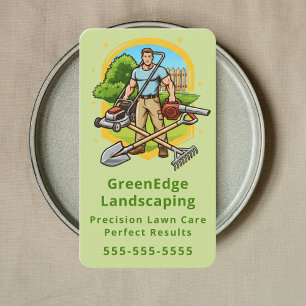 Professional Lawn Care Landscaping Groundskeeping Business Card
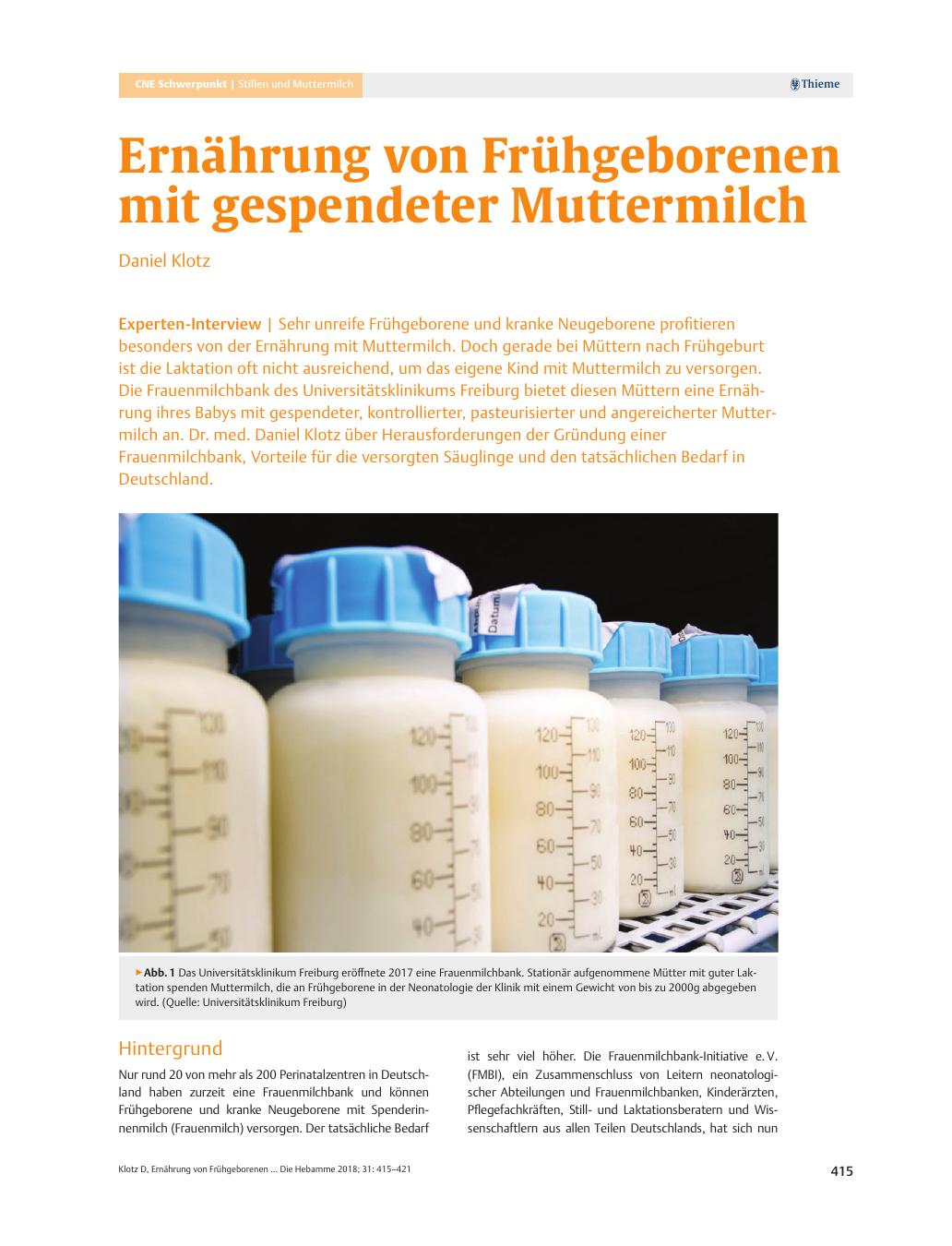 Vorschauseite 1: Ernährung von Frühgeborenen mit gespendeter Muttermilch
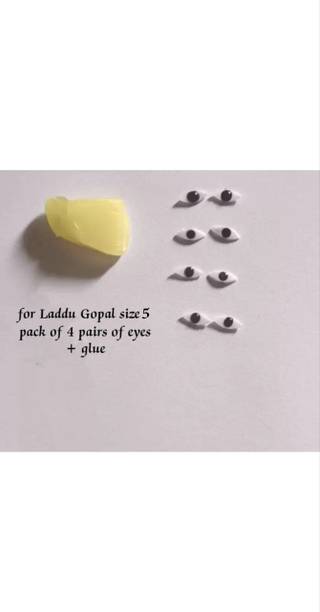 AJ ONSALE Laddu gopal ji eyes for size 5, Pack of 4 pairs Deity Ornament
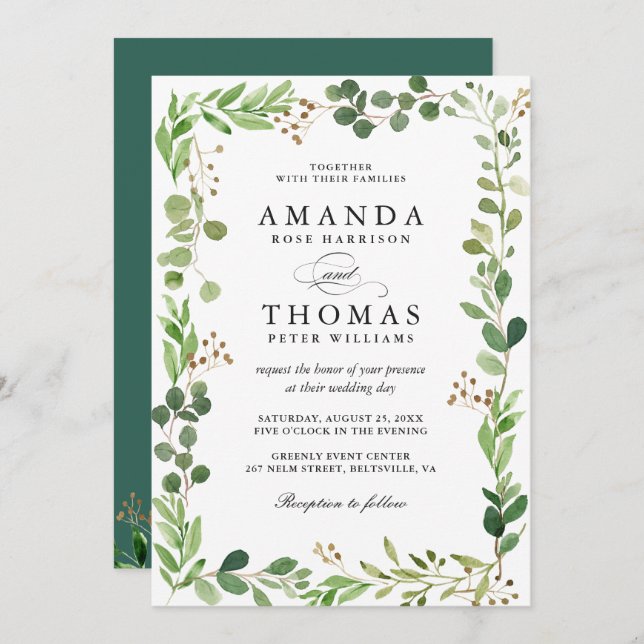 Invitación El verde eucalipto deja al Boda de Moda del marco  (Anverso / Reverso)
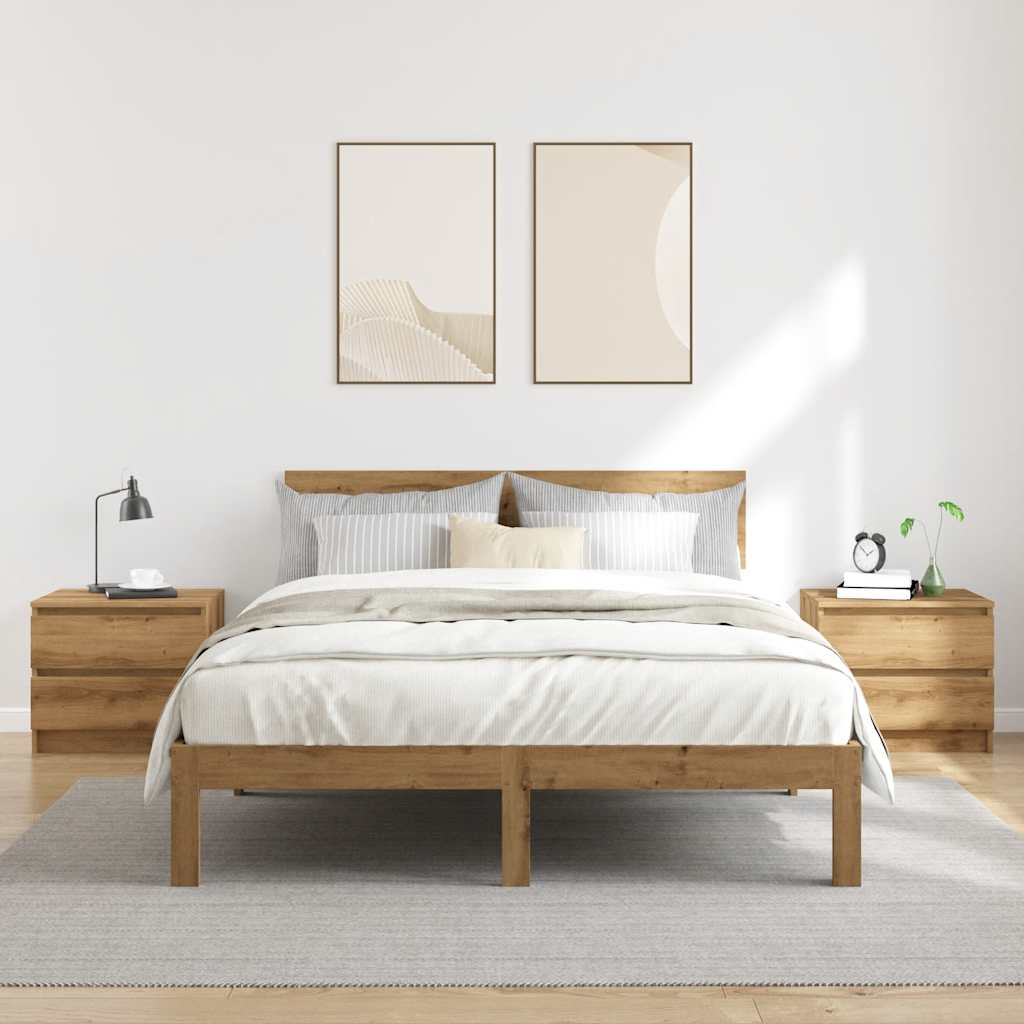 Bedside Cabinets 2 pcs Artisan Oak 50x40x43.5 cm Engineered Wood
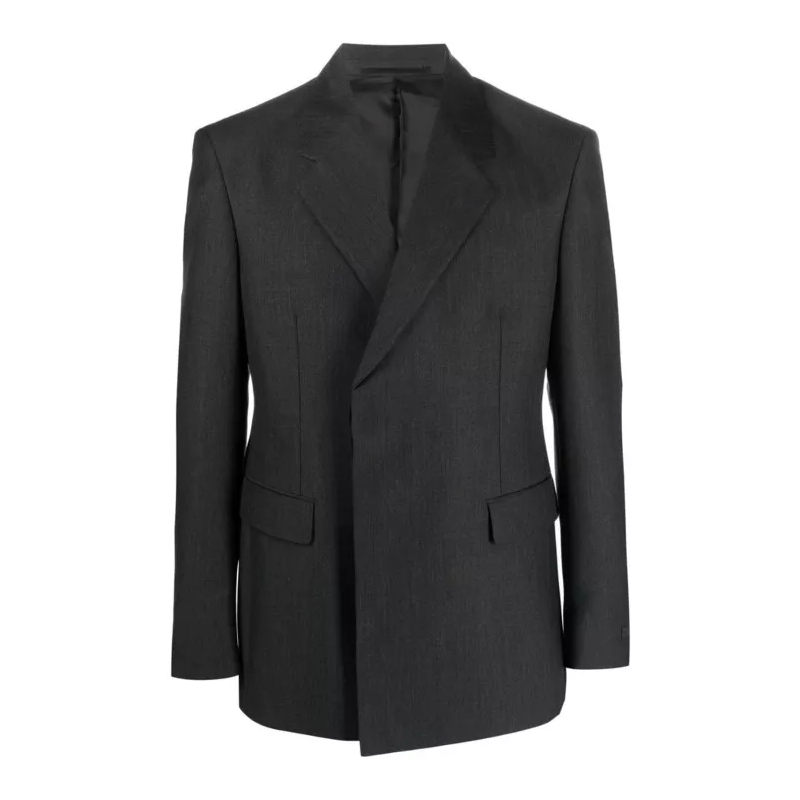 Prada  Double-Breasted Wool Jacket Grey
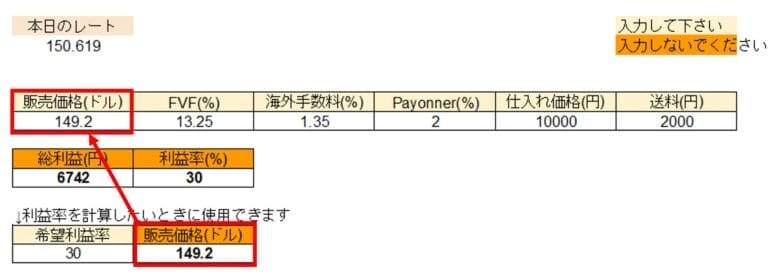 販売価格を入力する 画像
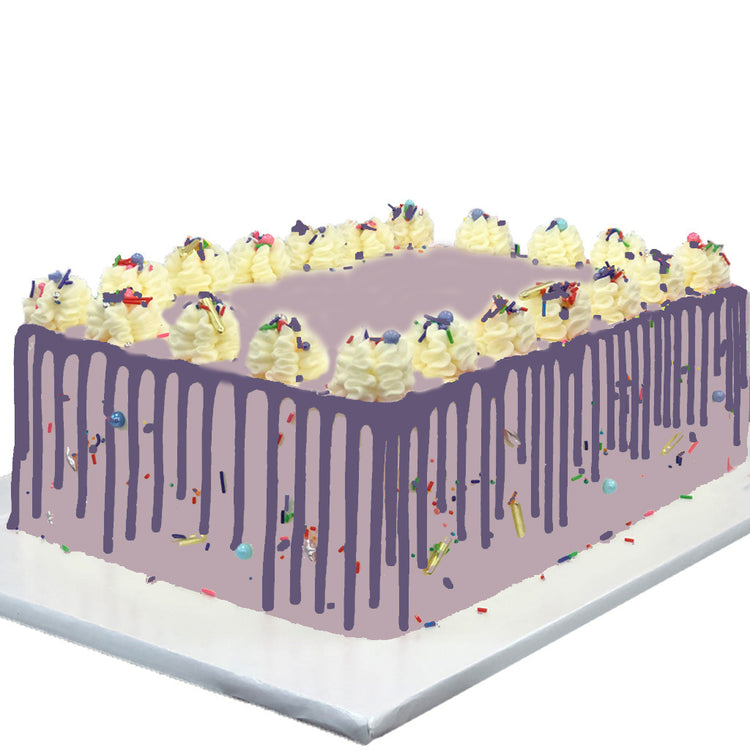 Lemon blueberry sheet cake with purple drip and sprinkles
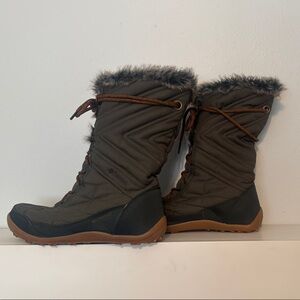 Columbia Brown Winter Rain Boots with Faux Fur Trim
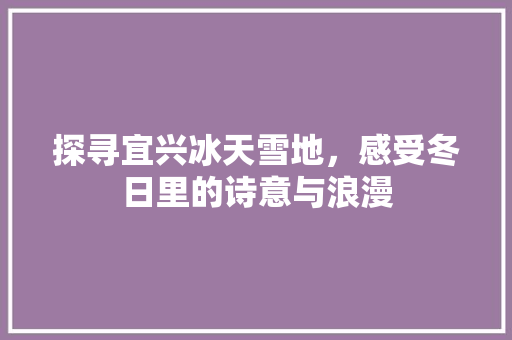 探寻宜兴冰天雪地，感受冬日里的诗意与浪漫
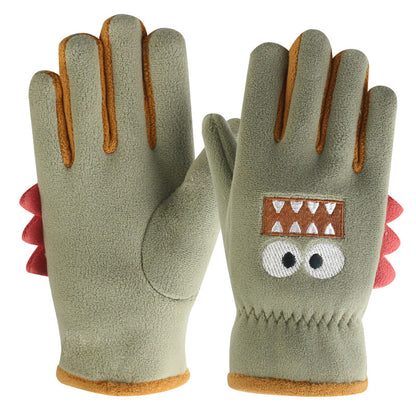 Children Cycling Gloves, Cute Cartoon Warm Gloves, Autumn Winter Polar Fleece, Windproof Soft Outdoor Kids Gloves
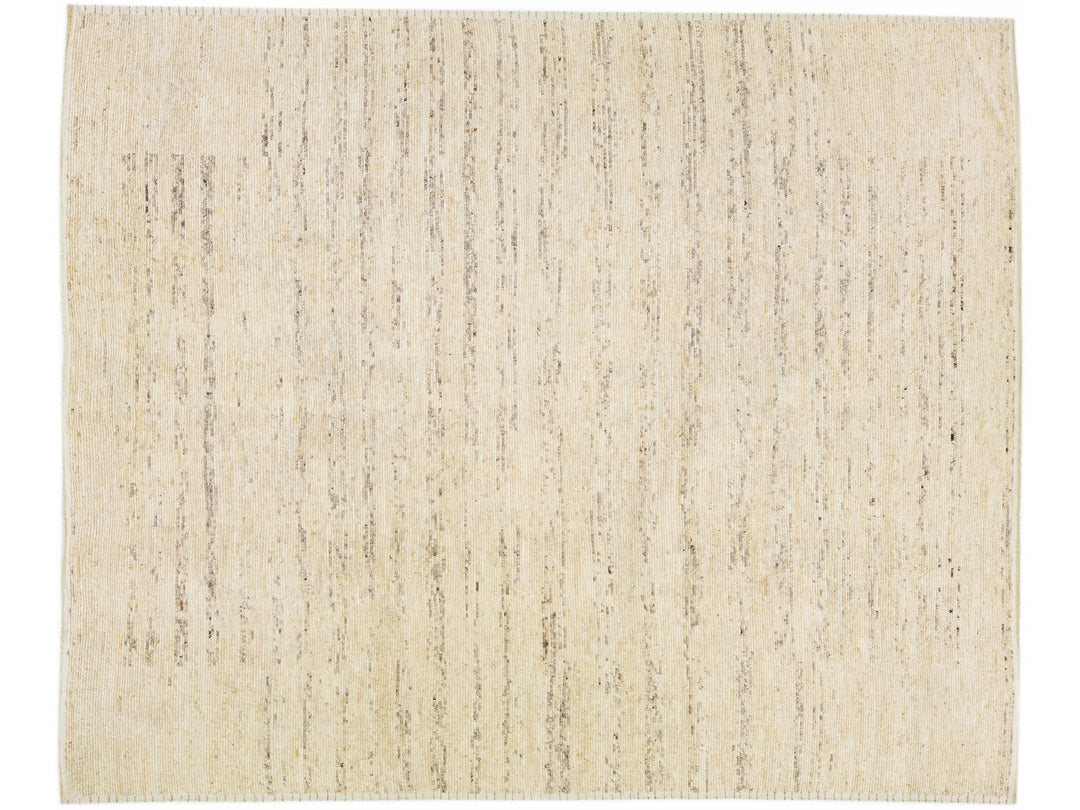 Beige Modern Moroccan Style Handmade Striped Wool Rug by Apadana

---*---

__YOUR ASSIGNMENT__
An exact transcription is needed of the lines from the one with "Bedside Cabinets 2" to the one with "探寻宜兴冰天雪地，感受冬日里的诗意与浪漫" above, both ends included, with pictures left out.

__RESPONSE BOX__
 Bedside Cabinets 2 pcs Artisan Oak 50x40x43.5 cm Engineered Wood
 Prada  Double-Breasted Wool Jacket Grey
 販売価格を入力する 画像
 Lemon blueberry sheet cake with purple drip and sprinkles
 Columbia Brown Winter Rain Boots with Faux Fur Trim
 探寻宜兴冰天雪地，感受冬日里的诗意与浪漫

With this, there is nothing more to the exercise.